▸ Aim of the exercise: Only the lines of the listing below that run from the line with "Répulsif à souris" through the line with "Vítima precisou ser" are to be set down, word for word. Pictures stay out.

▸ Material provided:

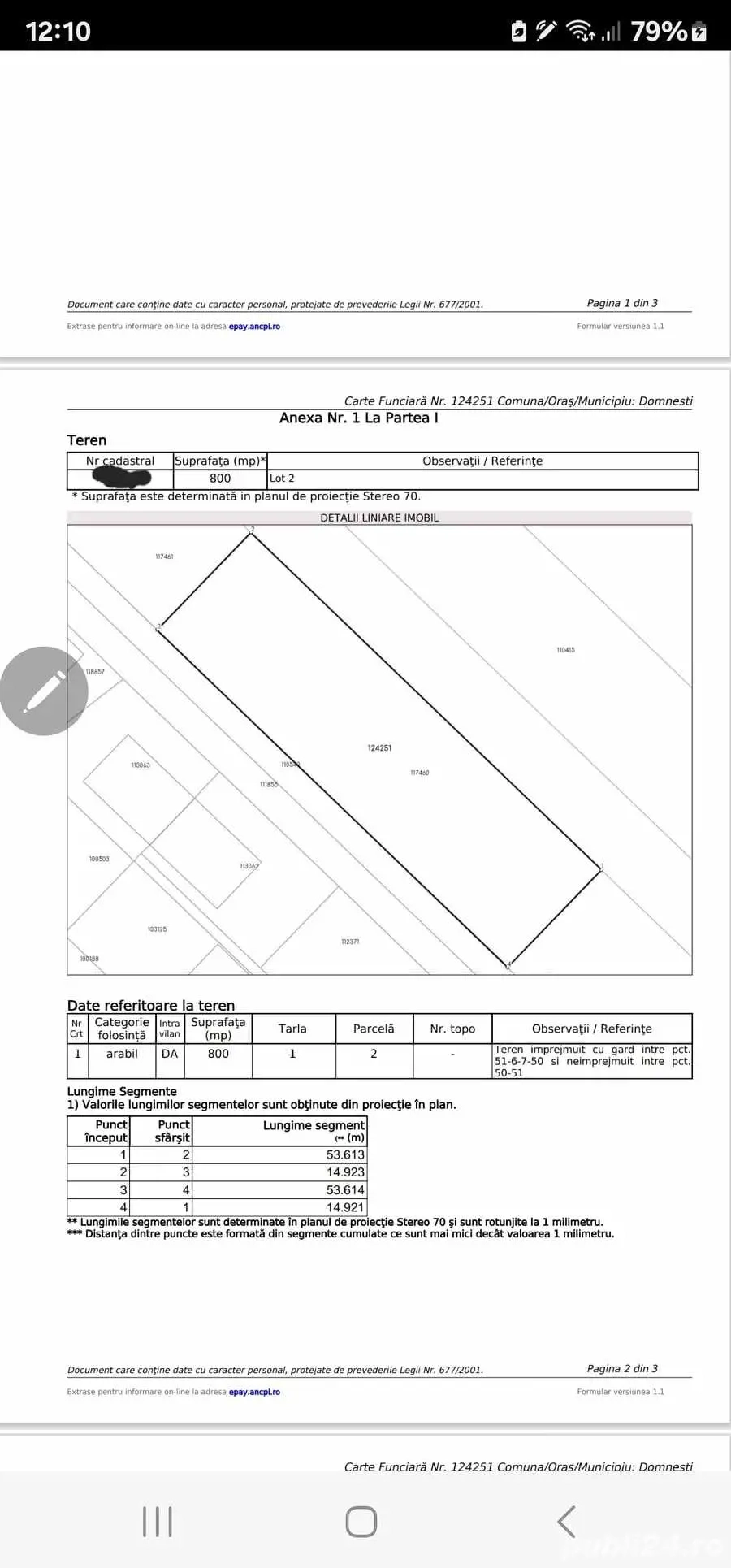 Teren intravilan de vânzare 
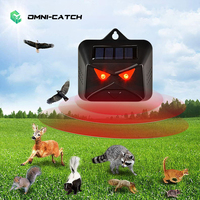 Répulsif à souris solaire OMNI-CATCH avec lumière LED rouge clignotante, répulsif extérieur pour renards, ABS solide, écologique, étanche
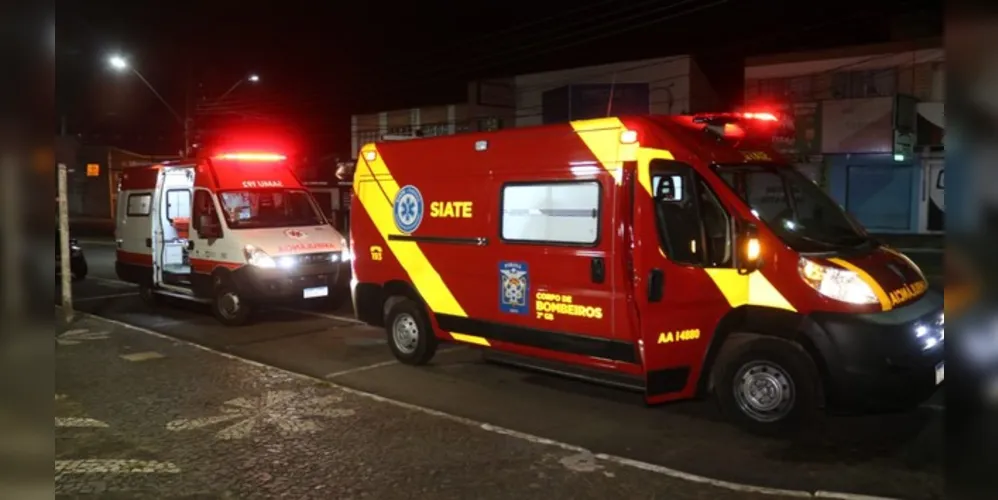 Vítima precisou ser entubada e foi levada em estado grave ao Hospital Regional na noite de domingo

==

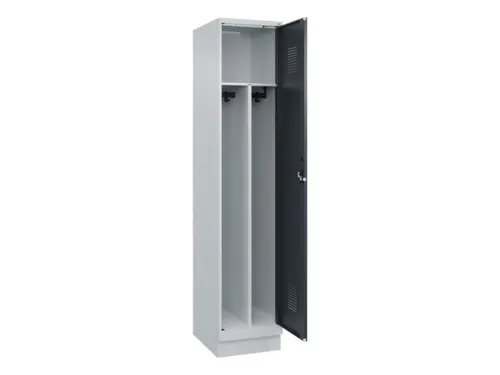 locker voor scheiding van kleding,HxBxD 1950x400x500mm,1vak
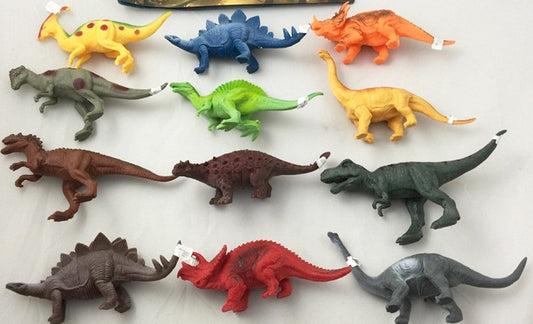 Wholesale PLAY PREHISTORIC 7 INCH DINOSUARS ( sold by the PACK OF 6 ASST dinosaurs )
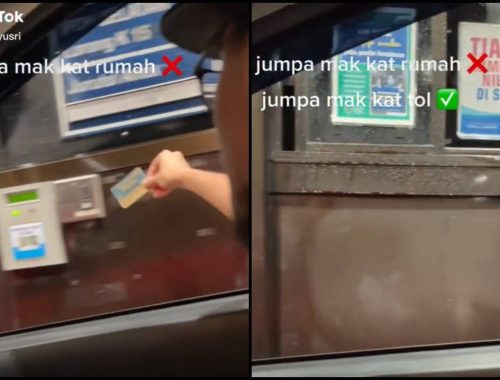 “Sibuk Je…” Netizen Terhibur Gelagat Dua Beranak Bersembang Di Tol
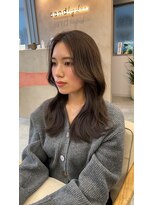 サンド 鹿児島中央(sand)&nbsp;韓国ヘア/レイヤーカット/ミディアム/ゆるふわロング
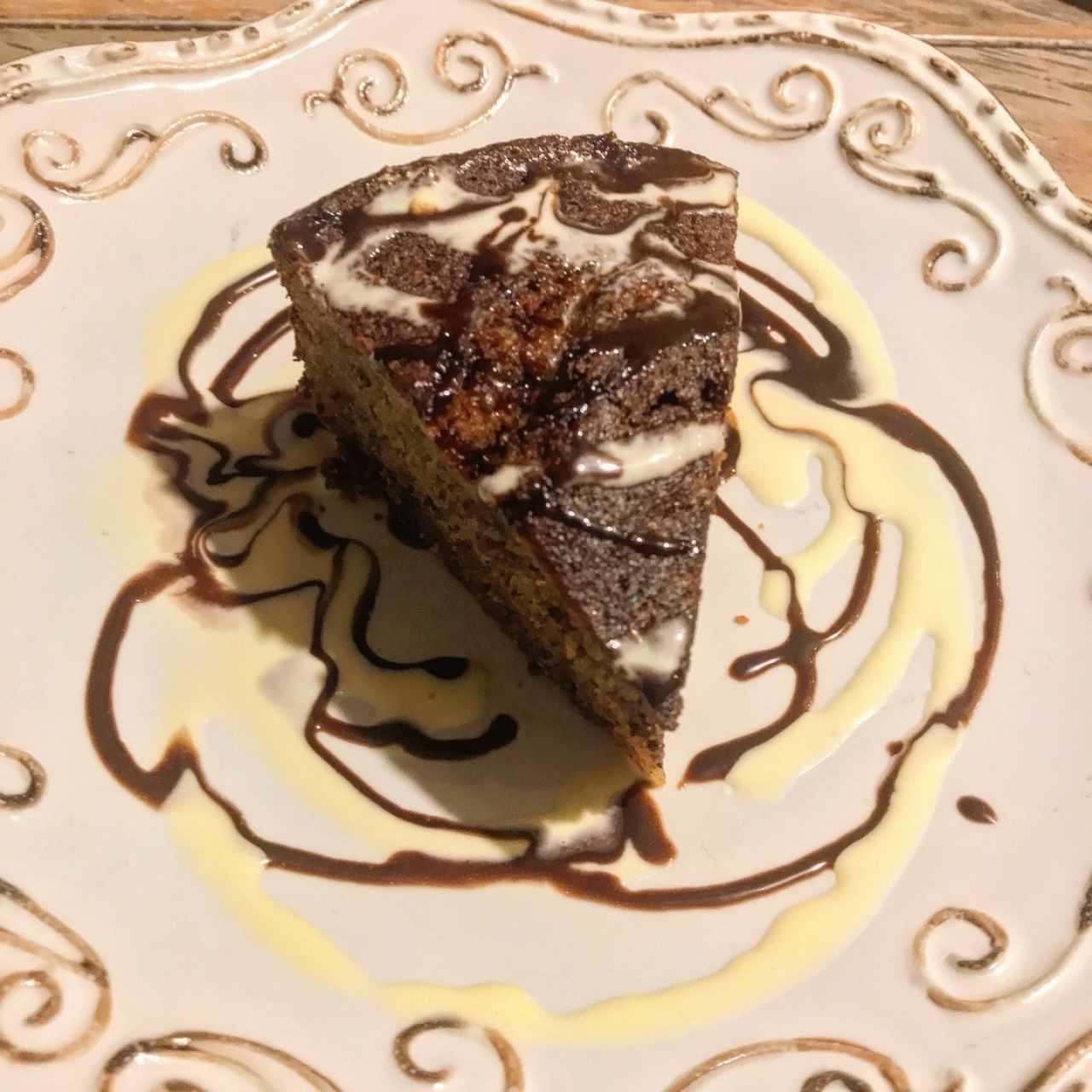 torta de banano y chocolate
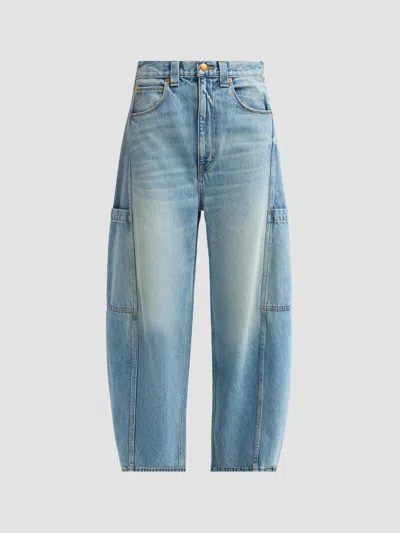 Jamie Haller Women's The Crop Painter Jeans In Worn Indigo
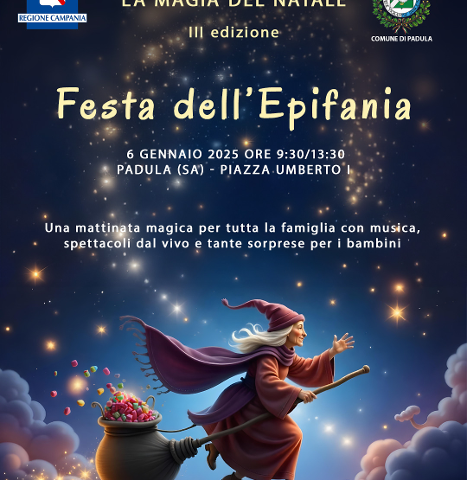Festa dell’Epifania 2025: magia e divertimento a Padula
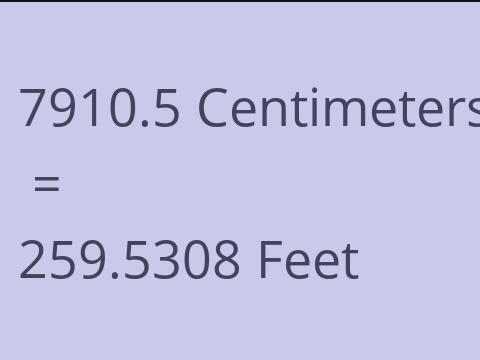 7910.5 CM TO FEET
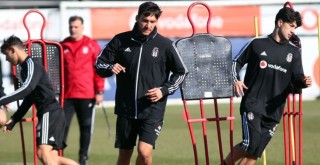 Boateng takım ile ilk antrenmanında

---

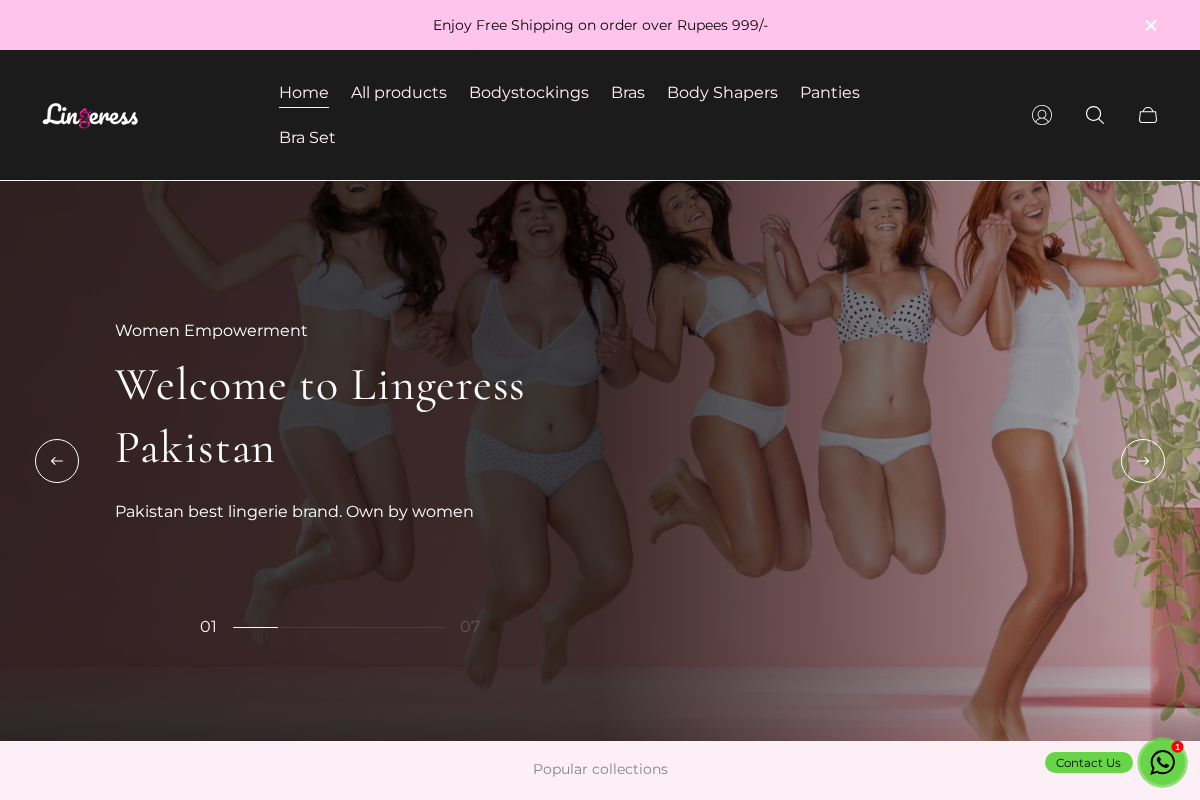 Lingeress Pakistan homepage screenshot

▸ The completed task:
 Répulsif à souris solaire OMNI-CATCH avec lumière LED rouge clignotante, répulsif extérieur pour renards, ABS solide, écologique, étanche
 Vítima precisou ser entubada e foi levada em estado grave ao Hospital Regional na noite de domingo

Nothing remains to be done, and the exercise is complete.